(What you will do)
From the line containing "FOX L25 — 2.5" to the last line of the listing, transcribe exactly and add nothing else; keep both ends and omit pictures.

(Exercise data)
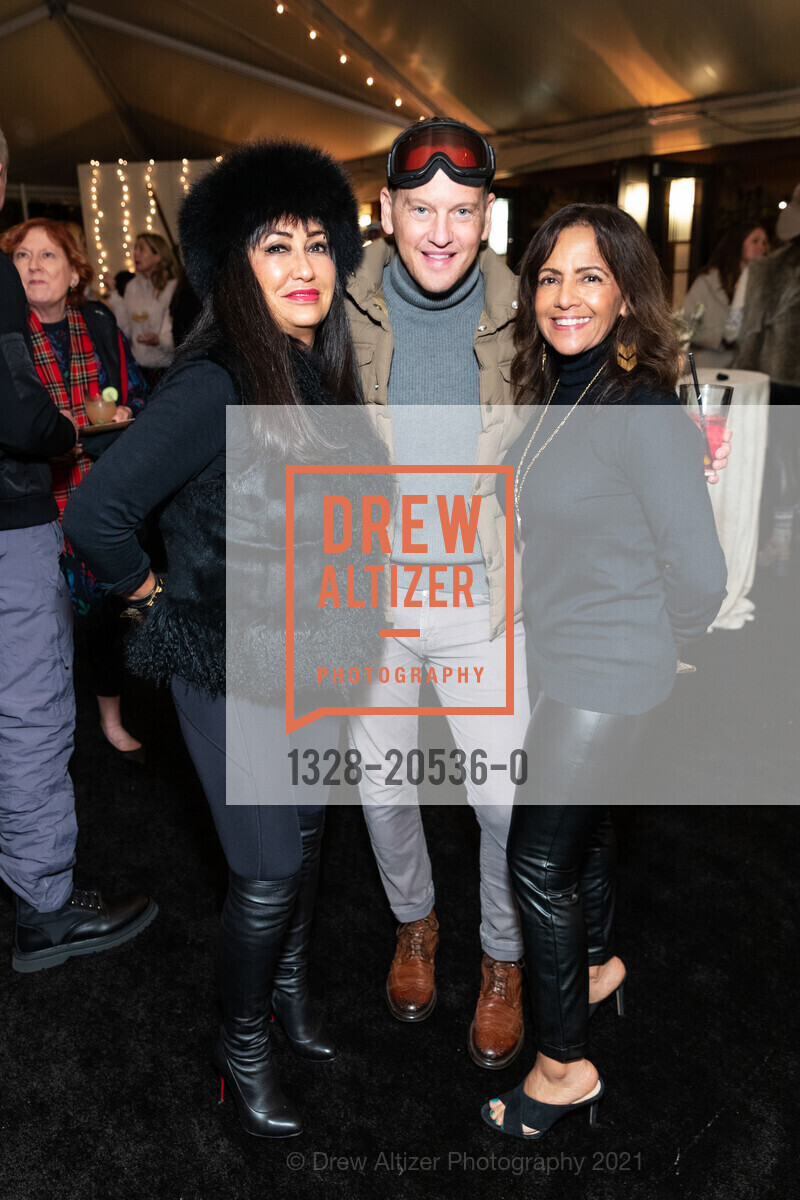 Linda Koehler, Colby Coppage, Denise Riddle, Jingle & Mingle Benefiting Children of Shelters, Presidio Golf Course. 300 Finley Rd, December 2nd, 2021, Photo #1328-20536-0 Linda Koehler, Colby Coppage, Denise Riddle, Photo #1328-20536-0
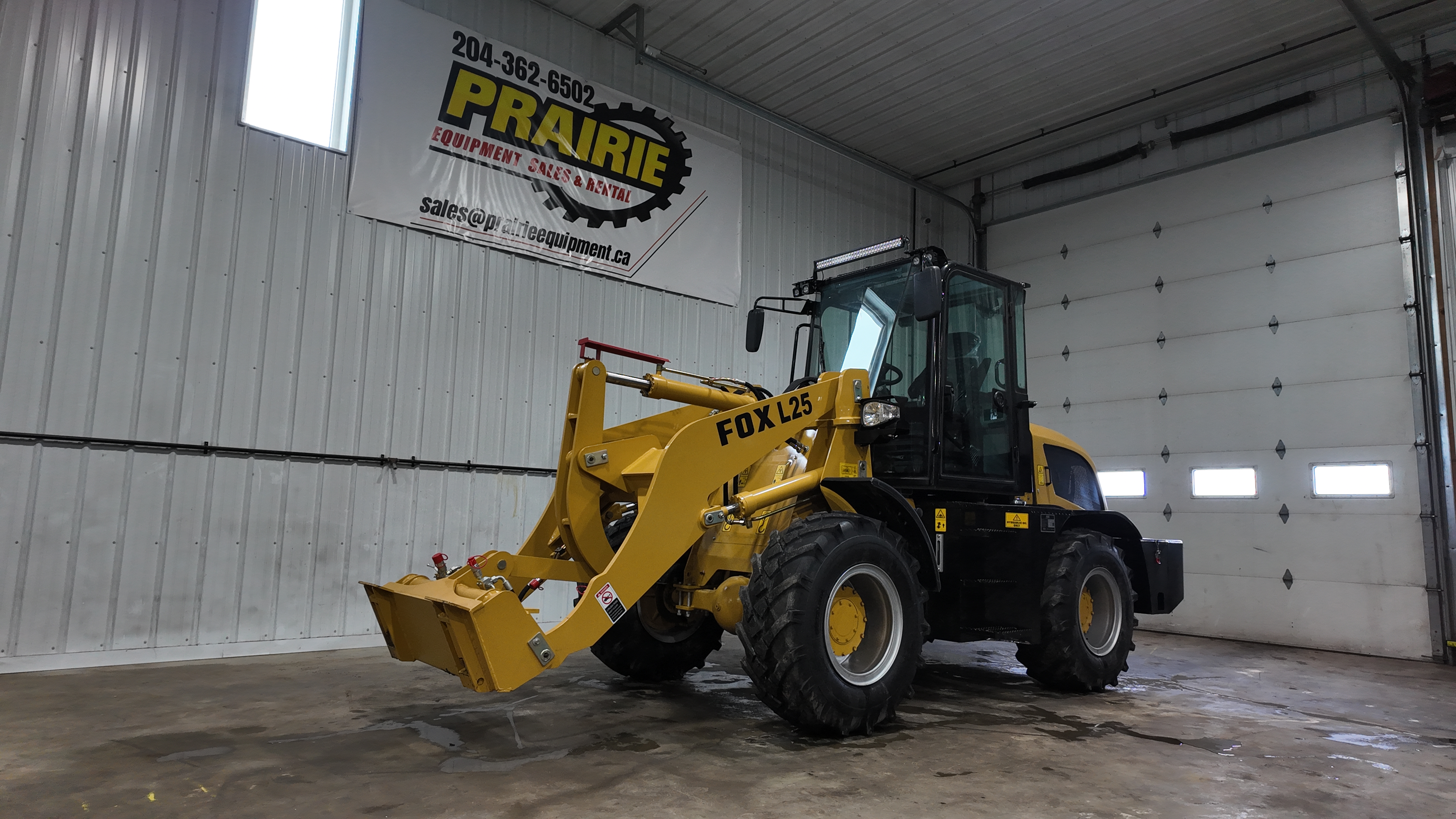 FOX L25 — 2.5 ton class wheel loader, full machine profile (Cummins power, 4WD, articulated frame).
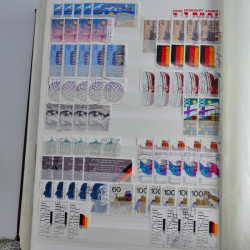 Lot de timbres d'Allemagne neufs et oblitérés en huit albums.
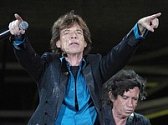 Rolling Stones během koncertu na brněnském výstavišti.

(Exercise answer)
 FOX L25 — 2.5 ton class wheel loader, full machine profile (Cummins power, 4WD, articulated frame).
 Lot de timbres d'Allemagne neufs et oblitérés en huit albums.
 Rolling Stones během koncertu na brněnském výstavišti.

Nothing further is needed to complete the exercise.